[Data for analysis — start]

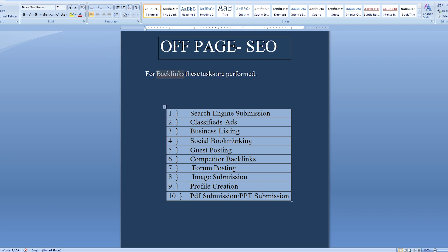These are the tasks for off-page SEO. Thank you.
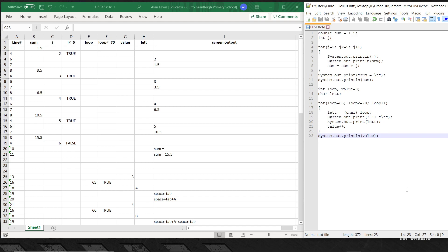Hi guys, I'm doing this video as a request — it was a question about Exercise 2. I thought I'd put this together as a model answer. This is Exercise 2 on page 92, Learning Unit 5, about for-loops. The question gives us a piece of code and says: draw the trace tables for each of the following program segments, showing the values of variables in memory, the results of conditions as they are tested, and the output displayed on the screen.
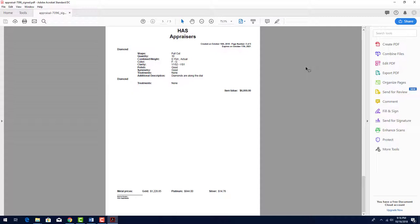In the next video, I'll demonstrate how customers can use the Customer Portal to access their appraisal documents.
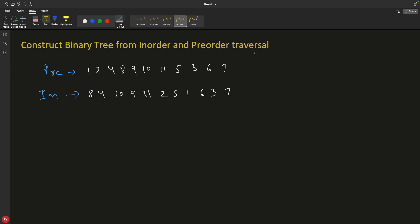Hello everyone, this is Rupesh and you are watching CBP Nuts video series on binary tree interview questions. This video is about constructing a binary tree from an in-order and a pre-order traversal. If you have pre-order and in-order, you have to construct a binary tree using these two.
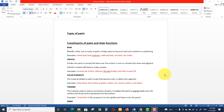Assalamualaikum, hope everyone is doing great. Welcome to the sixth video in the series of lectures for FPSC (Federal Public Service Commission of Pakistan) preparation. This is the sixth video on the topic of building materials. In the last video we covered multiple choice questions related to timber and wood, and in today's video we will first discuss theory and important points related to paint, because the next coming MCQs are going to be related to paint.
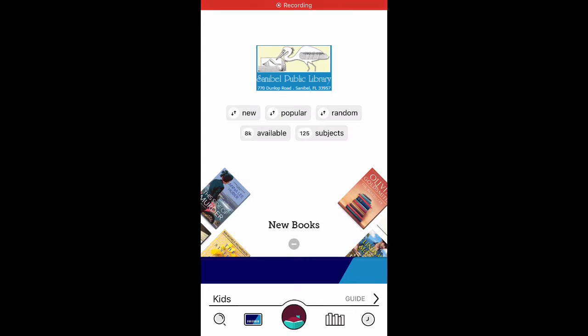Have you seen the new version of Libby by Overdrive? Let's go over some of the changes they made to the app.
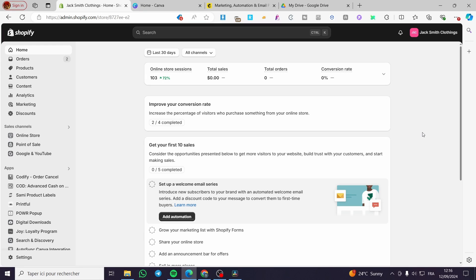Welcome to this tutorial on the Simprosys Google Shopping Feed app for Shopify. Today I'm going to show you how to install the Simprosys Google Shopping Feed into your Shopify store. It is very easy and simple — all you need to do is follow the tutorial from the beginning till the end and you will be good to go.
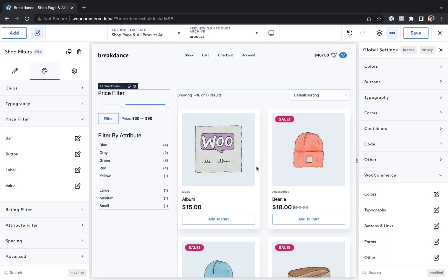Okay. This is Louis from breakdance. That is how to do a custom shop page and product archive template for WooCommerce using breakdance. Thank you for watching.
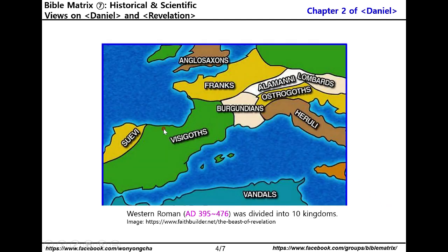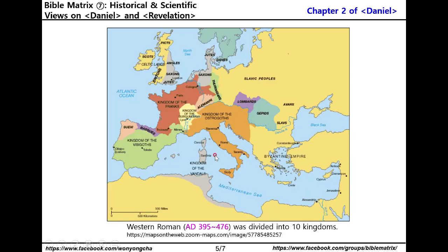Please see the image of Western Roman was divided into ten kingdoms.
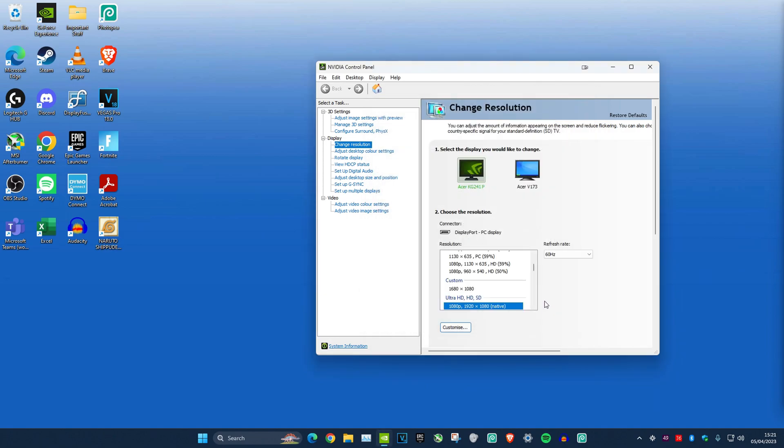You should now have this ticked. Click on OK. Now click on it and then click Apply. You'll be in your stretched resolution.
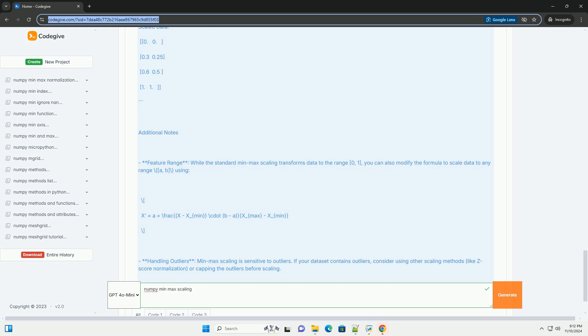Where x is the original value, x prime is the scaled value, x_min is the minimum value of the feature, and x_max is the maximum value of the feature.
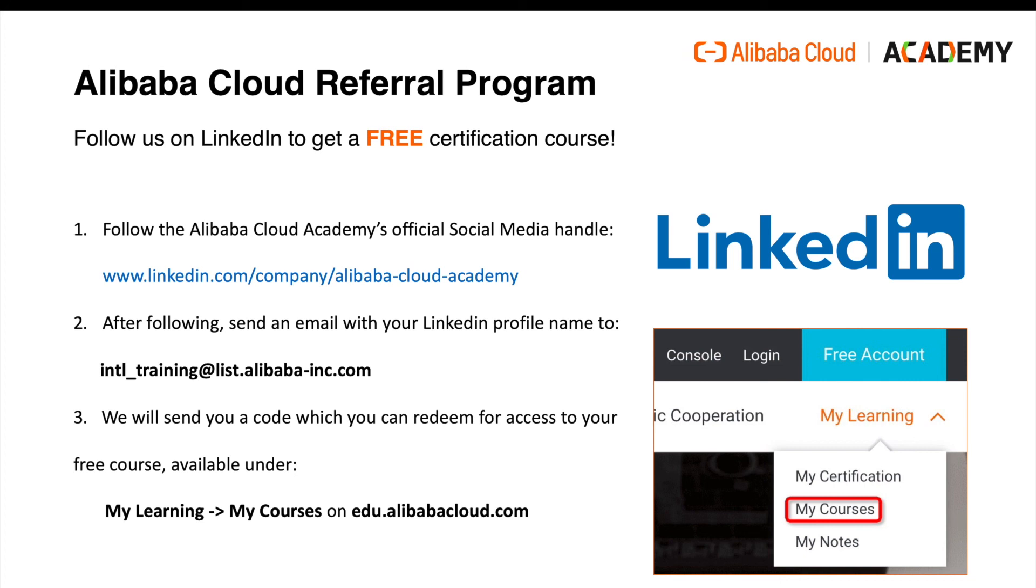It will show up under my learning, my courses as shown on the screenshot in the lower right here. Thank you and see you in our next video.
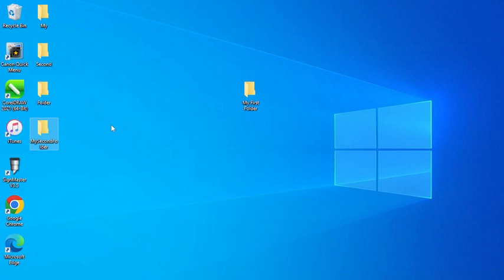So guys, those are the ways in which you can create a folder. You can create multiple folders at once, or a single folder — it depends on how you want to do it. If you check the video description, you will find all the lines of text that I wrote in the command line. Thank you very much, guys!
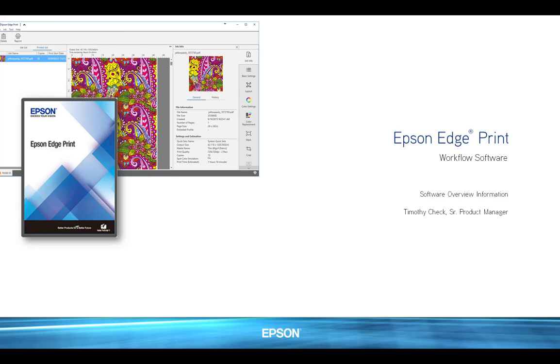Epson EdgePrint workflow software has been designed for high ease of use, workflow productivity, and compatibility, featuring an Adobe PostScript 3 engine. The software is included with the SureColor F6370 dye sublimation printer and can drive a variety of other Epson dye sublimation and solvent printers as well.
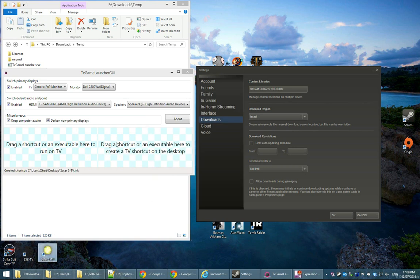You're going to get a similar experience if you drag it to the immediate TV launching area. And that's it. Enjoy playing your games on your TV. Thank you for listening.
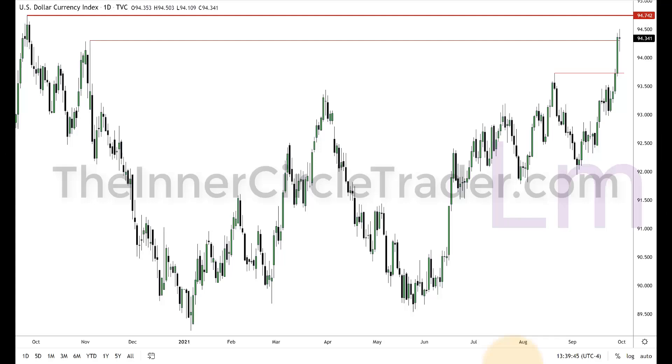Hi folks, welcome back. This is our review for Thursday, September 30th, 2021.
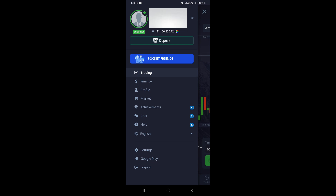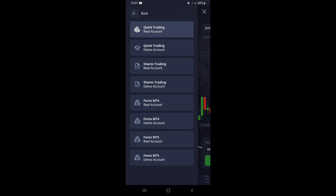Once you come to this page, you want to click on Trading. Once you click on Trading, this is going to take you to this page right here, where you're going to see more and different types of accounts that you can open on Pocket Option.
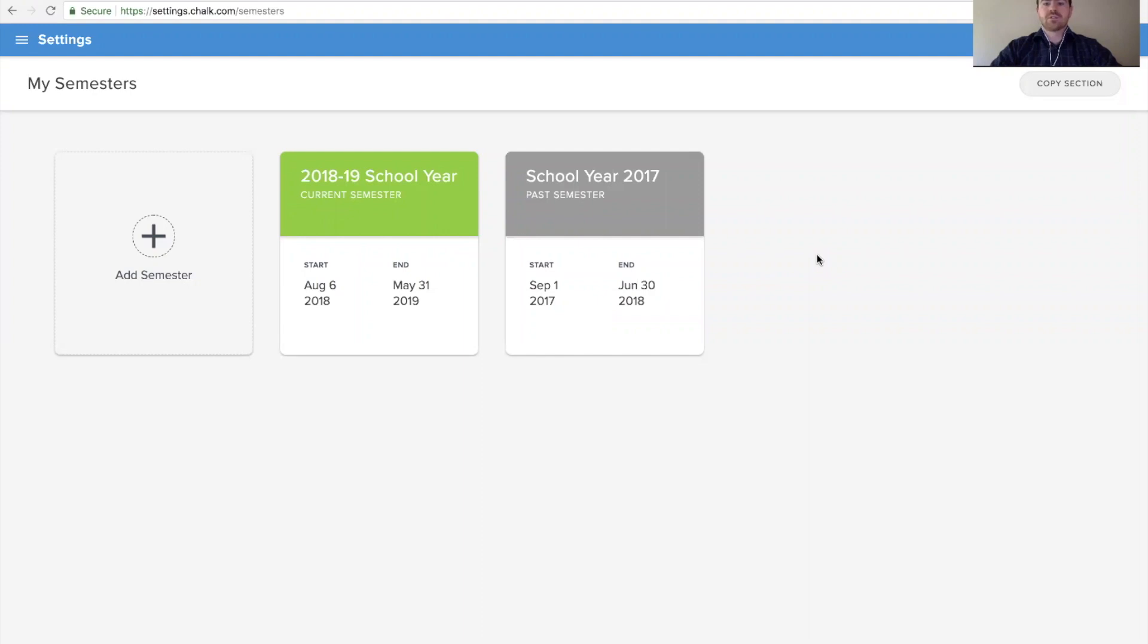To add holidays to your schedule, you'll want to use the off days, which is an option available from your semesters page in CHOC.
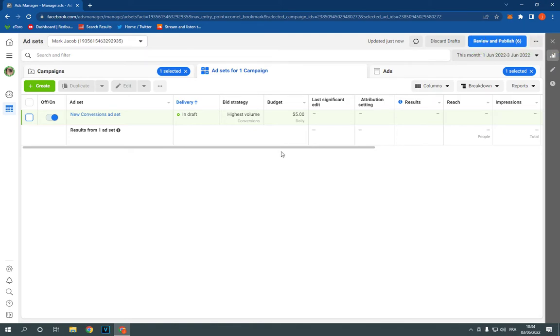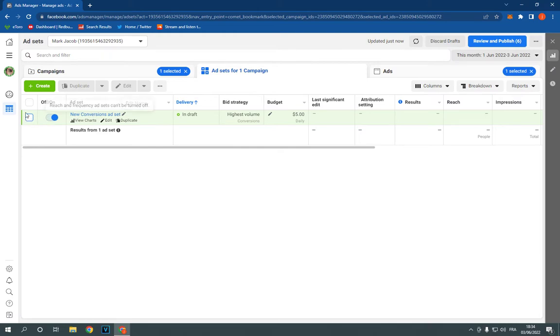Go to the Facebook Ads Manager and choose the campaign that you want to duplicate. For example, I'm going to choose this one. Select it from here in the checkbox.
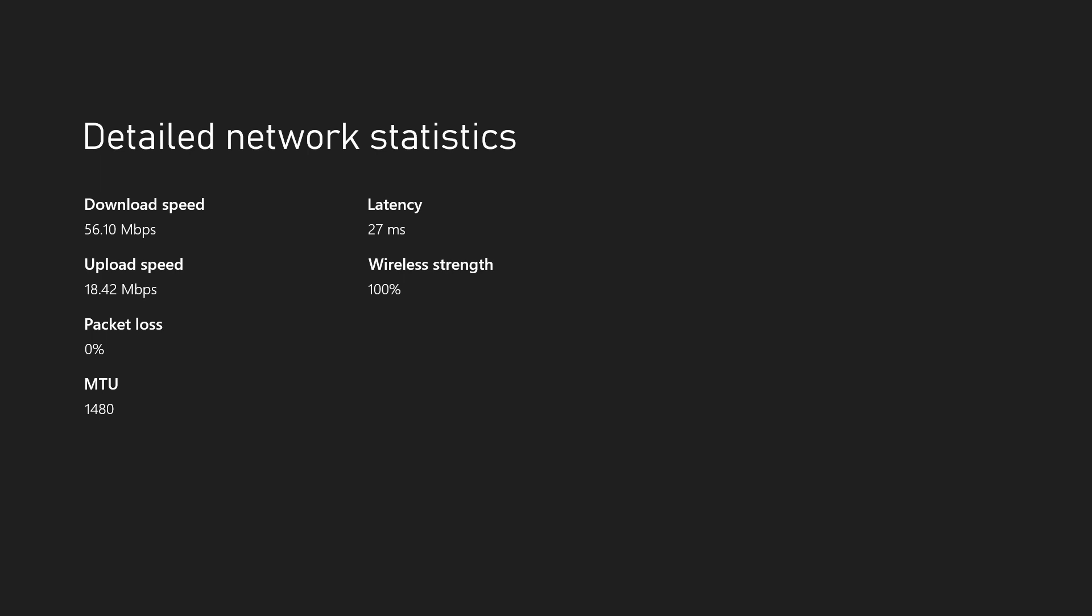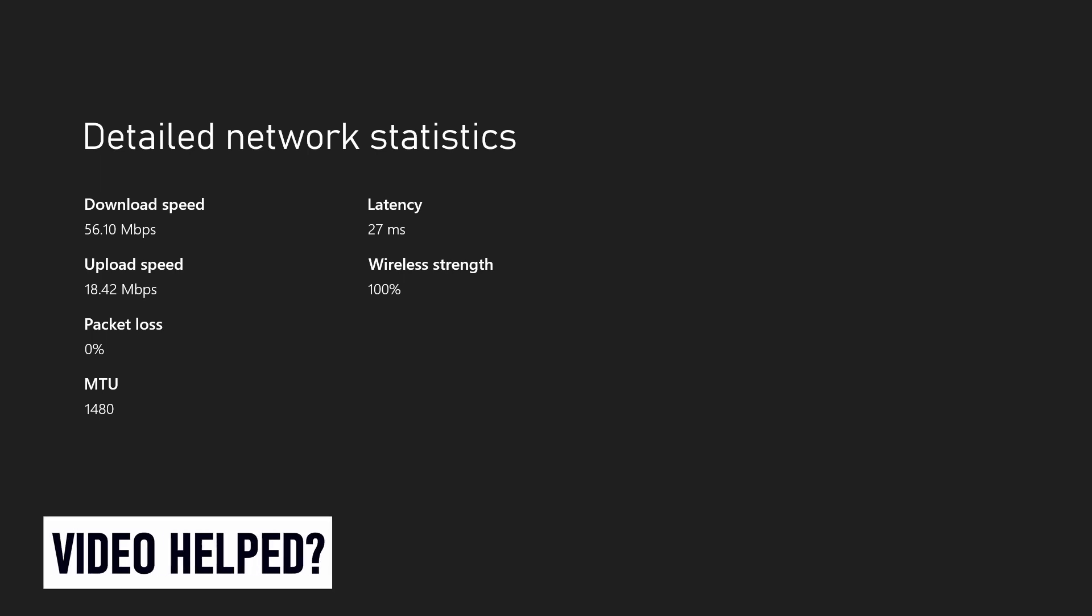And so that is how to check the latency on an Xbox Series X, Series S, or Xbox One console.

[Data for analysis — finish]

To do: Only the lines from the line that contains "Hi folks, welcome" through the end of the entries are to be written out, exactly and without pictures, both ends included.

Answer to the exercise:
Hi folks, welcome back. This is our review for Thursday, September 30th, 2021.
Once you come to this page, you want to click on Trading. Once you click on Trading, this is going to take you to this page right here, where you're going to see more and different types of accounts that you can open on Pocket Option.
To add holidays to your schedule, you'll want to use the off days, which is an option available from your semesters page in CHOC.
Go to the Facebook Ads Manager and choose the campaign that you want to duplicate. For example, I'm going to choose this one. Select it from here in the checkbox.
And so that is how to check the latency on an Xbox Series X, Series S, or Xbox One console.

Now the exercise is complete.